▶ **Problem to solve**
Return the records exactly, please. Every line should match.

====================

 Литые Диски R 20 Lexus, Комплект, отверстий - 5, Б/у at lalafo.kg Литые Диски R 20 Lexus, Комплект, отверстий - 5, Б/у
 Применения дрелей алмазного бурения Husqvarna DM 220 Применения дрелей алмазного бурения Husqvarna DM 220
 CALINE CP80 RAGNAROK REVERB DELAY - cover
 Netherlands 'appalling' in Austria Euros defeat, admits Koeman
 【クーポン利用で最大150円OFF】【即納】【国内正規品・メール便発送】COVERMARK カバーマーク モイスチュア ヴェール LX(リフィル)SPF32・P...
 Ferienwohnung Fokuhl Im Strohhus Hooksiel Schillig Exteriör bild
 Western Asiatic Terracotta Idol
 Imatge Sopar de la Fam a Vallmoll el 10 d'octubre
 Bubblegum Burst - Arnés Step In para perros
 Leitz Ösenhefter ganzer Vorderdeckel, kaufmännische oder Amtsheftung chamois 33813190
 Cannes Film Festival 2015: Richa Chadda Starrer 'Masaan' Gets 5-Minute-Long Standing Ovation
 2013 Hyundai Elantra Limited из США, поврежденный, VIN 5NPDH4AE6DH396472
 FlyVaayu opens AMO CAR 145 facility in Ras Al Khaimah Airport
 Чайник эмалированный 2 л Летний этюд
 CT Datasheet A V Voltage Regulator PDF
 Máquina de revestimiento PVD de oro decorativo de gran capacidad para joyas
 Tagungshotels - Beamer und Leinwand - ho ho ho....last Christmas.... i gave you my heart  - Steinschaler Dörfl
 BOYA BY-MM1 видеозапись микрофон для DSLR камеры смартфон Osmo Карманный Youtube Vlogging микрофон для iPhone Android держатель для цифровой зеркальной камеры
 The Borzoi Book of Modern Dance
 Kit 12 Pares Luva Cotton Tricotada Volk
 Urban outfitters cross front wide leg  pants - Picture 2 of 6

====================

▶ **Exercise solution**
 Литые Диски R 20 Lexus, Комплект, отверстий - 5, Б/у at lalafo.kg Литые Диски R 20 Lexus, Комплект, отверстий - 5, Б/у
 Применения дрелей алмазного бурения Husqvarna DM 220 Применения дрелей алмазного бурения Husqvarna DM 220
 CALINE CP80 RAGNAROK REVERB DELAY - cover
 Netherlands 'appalling' in Austria Euros defeat, admits Koeman
 【クーポン利用で最大150円OFF】【即納】【国内正規品・メール便発送】COVERMARK カバーマーク モイスチュア ヴェール LX(リフィル)SPF32・P...
 Ferienwohnung Fokuhl Im Strohhus Hooksiel Schillig Exteriör bild
 Western Asiatic Terracotta Idol
 Imatge Sopar de la Fam a Vallmoll el 10 d'octubre
 Bubblegum Burst - Arnés Step In para perros
 Leitz Ösenhefter ganzer Vorderdeckel, kaufmännische oder Amtsheftung chamois 33813190
 Cannes Film Festival 2015: Richa Chadda Starrer 'Masaan' Gets 5-Minute-Long Standing Ovation
 2013 Hyundai Elantra Limited из США, поврежденный, VIN 5NPDH4AE6DH396472
 FlyVaayu opens AMO CAR 145 facility in Ras Al Khaimah Airport
 Чайник эмалированный 2 л Летний этюд
 CT Datasheet A V Voltage Regulator PDF
 Máquina de revestimiento PVD de oro decorativo de gran capacidad para joyas
 Tagungshotels - Beamer und Leinwand - ho ho ho....last Christmas.... i gave you my heart  - Steinschaler Dörfl
 BOYA BY-MM1 видеозапись микрофон для DSLR камеры смартфон Osmo Карманный Youtube Vlogging микрофон для iPhone Android держатель для цифровой зеркальной камеры
 The Borzoi Book of Modern Dance
 Kit 12 Pares Luva Cotton Tricotada Volk
 Urban outfitters cross front wide leg  pants - Picture 2 of 6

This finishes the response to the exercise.